--- Work item ---
Your output must be the lines below from the line containing "Chicano Rap Music" to the line containing "Infinityparkderby.com thumbnail", both lines included, reproduced exactly and without pictures.

--- Dataset entries ---
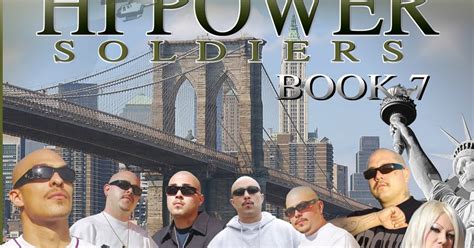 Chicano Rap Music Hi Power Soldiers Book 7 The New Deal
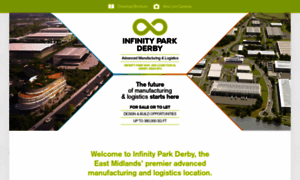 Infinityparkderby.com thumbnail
---
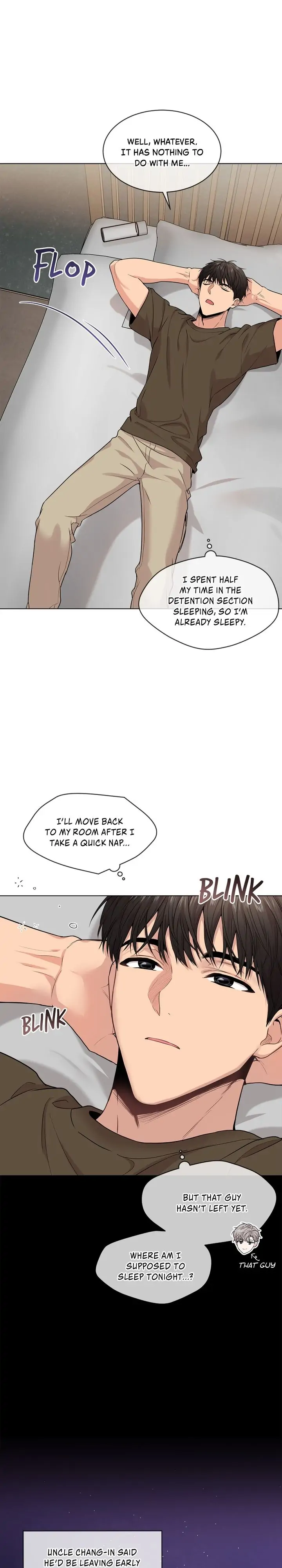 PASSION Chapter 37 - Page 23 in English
--
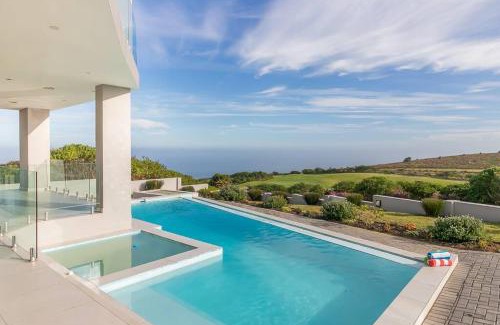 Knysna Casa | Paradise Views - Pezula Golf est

--- Response area ---
 Chicano Rap Music Hi Power Soldiers Book 7 The New Deal
 Infinityparkderby.com thumbnail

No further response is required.